1. Men who hassle women online ("hey baby," "you stupid bitch") or in real life (wolf whistles, etc.) are actively training women to be afraid. Whether or not they realize it, that's what they're doing. Which makes the answer to the question "why do guys do that? Do they think I'm going to say, "hey, daddy, let me give you my number?"--and we've all asked that, and laughed about it--suddenly clear. Of course they don't do it to pick up women. No women has ever responded to that, and men know this. They do it to instill fear.

God damn, that's shitty.

2. A lot--most!--of the "safety advice" and "precautions" women are advised to take, or offered, actually reinforce this fear. Not too long ago I was visiting some friends in a city where the bus system has a rule, prominently posted on the bus, that it will make unscheduled stops after 9 p.m. for women only. I thought, "why just women? Guys can get robbed or assaulted too." And then I thought, "oh, b/c if a guy is following a woman, she can get off at an unscheduled stop and he can't follow her."

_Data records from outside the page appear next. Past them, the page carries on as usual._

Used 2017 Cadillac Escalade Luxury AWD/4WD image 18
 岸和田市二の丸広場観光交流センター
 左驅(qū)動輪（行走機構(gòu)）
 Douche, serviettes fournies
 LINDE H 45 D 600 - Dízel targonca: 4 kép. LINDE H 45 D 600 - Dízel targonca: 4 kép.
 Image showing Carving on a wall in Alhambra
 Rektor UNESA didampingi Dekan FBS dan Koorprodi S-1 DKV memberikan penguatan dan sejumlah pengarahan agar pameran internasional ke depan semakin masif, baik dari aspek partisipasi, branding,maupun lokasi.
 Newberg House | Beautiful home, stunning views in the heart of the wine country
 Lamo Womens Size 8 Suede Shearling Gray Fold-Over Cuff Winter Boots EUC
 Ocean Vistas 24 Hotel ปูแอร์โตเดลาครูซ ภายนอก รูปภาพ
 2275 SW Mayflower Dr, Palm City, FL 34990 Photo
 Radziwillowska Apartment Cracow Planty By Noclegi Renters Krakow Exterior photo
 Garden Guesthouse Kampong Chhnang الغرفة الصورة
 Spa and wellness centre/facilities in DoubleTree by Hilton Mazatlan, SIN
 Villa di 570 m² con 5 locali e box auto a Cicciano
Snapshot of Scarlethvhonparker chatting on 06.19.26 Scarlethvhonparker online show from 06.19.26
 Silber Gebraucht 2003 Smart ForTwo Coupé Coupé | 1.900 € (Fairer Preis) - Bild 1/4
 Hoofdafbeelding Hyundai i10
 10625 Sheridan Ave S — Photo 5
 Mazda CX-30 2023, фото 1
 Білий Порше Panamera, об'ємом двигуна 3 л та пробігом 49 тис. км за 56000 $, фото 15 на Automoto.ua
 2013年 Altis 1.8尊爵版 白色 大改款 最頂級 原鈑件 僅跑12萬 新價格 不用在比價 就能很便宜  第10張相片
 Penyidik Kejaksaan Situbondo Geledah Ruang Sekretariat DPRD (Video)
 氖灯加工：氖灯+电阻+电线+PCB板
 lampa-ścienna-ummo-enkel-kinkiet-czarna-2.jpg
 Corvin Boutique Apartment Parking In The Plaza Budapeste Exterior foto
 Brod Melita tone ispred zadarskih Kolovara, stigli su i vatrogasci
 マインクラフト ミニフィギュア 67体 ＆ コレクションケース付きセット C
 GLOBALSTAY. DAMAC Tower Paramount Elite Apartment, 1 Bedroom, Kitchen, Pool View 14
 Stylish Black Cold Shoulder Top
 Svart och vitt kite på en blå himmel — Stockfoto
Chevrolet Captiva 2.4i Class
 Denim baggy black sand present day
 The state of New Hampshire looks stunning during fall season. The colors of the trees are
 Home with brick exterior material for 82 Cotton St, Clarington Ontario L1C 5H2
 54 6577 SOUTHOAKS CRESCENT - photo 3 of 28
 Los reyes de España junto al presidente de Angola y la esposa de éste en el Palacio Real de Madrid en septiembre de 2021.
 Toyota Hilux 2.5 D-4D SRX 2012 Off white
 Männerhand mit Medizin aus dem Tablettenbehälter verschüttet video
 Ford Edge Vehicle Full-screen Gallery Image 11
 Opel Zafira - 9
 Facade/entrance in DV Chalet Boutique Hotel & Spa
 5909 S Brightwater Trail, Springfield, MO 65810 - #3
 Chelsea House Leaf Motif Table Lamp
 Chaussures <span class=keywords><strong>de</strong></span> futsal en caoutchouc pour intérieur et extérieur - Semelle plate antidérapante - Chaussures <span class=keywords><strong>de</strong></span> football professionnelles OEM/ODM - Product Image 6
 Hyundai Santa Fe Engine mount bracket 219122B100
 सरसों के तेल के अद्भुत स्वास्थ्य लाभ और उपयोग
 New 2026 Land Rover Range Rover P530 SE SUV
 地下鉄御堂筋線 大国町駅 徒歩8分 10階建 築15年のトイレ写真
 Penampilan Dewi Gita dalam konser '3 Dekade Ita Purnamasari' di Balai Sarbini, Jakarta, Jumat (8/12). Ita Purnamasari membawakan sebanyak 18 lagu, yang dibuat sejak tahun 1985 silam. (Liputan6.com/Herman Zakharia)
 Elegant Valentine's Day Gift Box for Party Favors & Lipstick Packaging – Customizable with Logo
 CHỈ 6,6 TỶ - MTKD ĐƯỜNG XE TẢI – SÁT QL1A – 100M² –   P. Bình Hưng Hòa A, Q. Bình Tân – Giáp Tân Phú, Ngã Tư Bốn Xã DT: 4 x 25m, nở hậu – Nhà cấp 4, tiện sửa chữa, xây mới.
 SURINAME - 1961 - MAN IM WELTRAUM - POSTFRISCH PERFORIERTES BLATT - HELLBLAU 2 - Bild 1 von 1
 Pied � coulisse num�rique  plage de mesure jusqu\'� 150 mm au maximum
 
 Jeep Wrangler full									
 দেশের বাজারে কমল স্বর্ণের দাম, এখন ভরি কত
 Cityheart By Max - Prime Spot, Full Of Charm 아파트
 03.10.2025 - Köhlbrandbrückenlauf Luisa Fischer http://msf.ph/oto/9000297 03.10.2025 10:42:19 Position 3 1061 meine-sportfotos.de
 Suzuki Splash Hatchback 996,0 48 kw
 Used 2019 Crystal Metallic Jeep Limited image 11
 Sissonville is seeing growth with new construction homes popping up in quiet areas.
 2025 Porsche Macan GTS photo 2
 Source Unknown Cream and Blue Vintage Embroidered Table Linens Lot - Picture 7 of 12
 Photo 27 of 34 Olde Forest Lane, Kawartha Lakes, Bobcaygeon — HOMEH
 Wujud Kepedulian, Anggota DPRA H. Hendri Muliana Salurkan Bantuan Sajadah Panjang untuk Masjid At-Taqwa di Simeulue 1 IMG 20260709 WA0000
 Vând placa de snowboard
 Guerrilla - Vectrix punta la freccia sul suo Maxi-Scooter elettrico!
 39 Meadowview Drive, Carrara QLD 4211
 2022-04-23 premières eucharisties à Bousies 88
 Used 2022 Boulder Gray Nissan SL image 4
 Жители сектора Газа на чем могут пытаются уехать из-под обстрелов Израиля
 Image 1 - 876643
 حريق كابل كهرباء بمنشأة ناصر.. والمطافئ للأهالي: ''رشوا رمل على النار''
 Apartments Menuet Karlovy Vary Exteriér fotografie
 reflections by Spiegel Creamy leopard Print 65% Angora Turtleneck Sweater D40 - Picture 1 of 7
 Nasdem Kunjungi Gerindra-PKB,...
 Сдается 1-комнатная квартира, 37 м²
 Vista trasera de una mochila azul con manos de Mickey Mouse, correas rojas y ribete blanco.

But I also realized that one effect of this sign was to make me think about that possibility, to draw my attention to the idea that I should ask the bus to stop nearer to where I'm going after 9 p.m. (for the record, I never do this). And it made me think of how, all my life, I've insisted on walking home alone, walking after dark, refusing to "take precautions." And how I've always said to myself that this is because I will not live in fear, like it's a matter of principle (which it is). But I also realized: it's also a very practical thing to do: one effect of it has been that I am seldom afraid on the street at night.

Once in grad school, a friend of mine got held up, at gunpoint, after a party. Not five minutes before it happened, a group of friends and I who were leaving the party together passed the two guys who robbed my friend, who had left with us but walked the other way down the block. The party was in my neighborhood, where I regularly walked after dark, and for a little while afterwards I thought "maybe I shouldn't do that."

But the thing was, the person who got held up? Was a guy. The group I left the party with? Mixed women and men. We didn't get robbed, because we left in a group; he did, because he left alone.

And because he was a guy, he saw no reason not to--and none of us offered to walk home with him.

I wager that, with the exception of rape, men are more likely to be the victims of random street crime. But all the precautions about avoiding it are aimed at women, and they are all implicitly about avoiding rape. Even though we know that most rapes are not random street crime, but are committed by friends, dates, acquaintances, and so on. So not only is this advice bad advice to women, the unspoken corrolary--that men don't need to worry as much as women--is really bad advice to men. And the problem is, by giving women but not men this advice, we perpetuate the idea that violence is sexualized (and therefore men, who are not sexualized, do not have to worry about it), and we turn reasonable things like walking home with a friend into things women do out of fear and men don't do at all. If everyone did it, it wouldn't contribute to the sexualized fear problem: it would just be a matter of common sense, as unremarkable as having coed public restrooms. (Remember the great anti-ERA argument, that having co-ed restrooms would be dangerous to women? Well, they've arrived. And I'm not afraid of them. Are you?)

So on the street or on the internet--in public--women are afraid, and men are not. And the reason for it has everything to do with the sexualization of violence, which is perpetuated in so many ways, by so many men (and women)--both the guys who hoot at women on the street corner and the friends who give women well-meaning advice about how to be careful, aka how to live in fear.